Oggi è difficile rendersi pienamente conto di quanto fosse importante la castagna in passato nelle nostre valli. La posizione di molte borgate immediatamente sopra la quota che rappresenta il limite superiore del castagneto (l’elenco sarebbe interminabile, ognuno può ricostruirlo nella zona di sua conoscenza) era funzionale a non sprecare con costruzioni e cortili terreno utilmente sfruttabile con la castanicoltura. Stare poco sopra i castagni e immediatamente sotto i pascoli era anche una scelta strategica: è più comodo portare su qualche chilo di castagne e giù tonnellate di fieno che fare il contrario.

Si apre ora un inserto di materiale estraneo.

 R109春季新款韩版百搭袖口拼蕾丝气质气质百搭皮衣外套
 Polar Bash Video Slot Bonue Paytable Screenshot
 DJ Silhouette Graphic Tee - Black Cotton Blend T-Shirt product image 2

Altro indizio che ci può far capire quanto fosse importante in passato il possesso di un castagneto lo troviamo rovistando nei Catasti antichi dei paesi di bassa valle. Molte “pesse” idonee alla castanicoltura erano, già da tempi lontani, proprietà di “stranieri” residenti nei paesi di alta montagna. Gli abitanti di Castelmagno compravano castagneti a Valgrana, Monterosso e Bernezzo, quelli di Limone a Robilante e Boves.

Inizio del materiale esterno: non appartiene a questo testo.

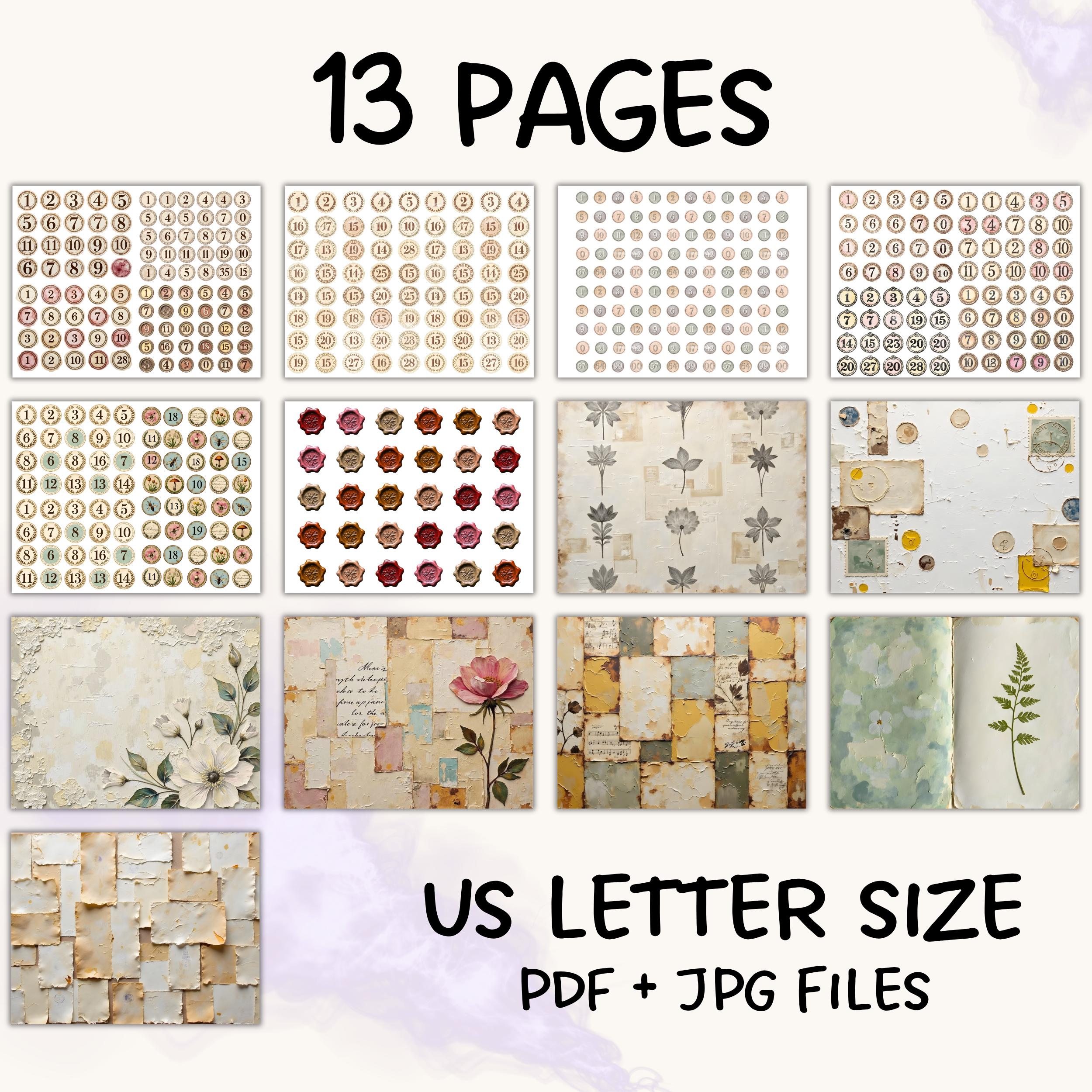 Vintage Junk Journal Charms Mega Bundle | Printable Ephemera Circles ...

In alcuni casi era un acquisto sognato e conquistato con fatiche di emigrazione e di lavori stagionali: poter contare su una scorta di frutti per l’inverno dava garanzia di sopravvivenza alla famiglia. Per i più abbienti era una forma redditizia di investimento. Il Branzizzo ricorda che 948 giornate, quasi la metà dei castagneti di Boves (allora come ora molto reputati per la qualità dei frutti) erano a metà Settecento di proprietà di commercianti di Limone, arricchitisi con il contrabbando del sale.

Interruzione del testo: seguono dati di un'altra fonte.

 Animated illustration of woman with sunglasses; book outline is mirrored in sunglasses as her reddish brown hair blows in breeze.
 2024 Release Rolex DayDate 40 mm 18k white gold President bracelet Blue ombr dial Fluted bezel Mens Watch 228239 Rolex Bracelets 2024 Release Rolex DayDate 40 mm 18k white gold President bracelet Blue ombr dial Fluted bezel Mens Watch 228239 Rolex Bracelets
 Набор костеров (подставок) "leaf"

A Cervasca nello stesso periodo la proprietà fondiaria era nettamente divisa in poche grandi cascine nella pianura, appartenenti a nobili o enti ecclesiastici, e una miriade di piccole aziende famigliari sulla collina, spesso di superficie inferiore alla giornata e quasi sempre con alberi di castagno.
Parlando di Vernante (ma frasi simili si ritrovano in molti altri paesi) lo stesso Brandizzo scrive che “il vitto de’ rurali consiste per lo più nelle castagne” e sottolinea che negli anni in cui il raccolto è scarso molti si riducono a sopravvivere con pane d’orzo e minestre di meliga. Anche allora, quindi, la castagna non era, come si sente spesso ripetere, il pane dei poveri. Era un buon mangiare, un cibo calorico che abbinato al latte poteva davvero costituire una dieta equilibrata e sufficiente.
Oggi la castagna è per molti sinonimo di caldarrosta, una piccola golosità da gustare in qualche occasione particolare. Se ben cotta, è buona, si abbina bene col vino rosso e scalda pure le mani, cosa piacevole coi primi freddi autunnali.
La castagna si è trasformata da alimento base della dieta e principale fonte calorica a sfizio occasionale. E anche i castagneti stanno trasformandosi, da boschi a frutteti. Un cambiamento lento, graduale, ma sostanziale e difficilmente reversibile. Una tendenza che mi lascia perplesso e che credo debba essere oggetto di riflessione da parte di tutti quelli che hanno a cuore il presente delle nostre valli e il futuro di questo albero.
Vorrei quindi riprendere e approfondire questo argomento in una prossimo occasione.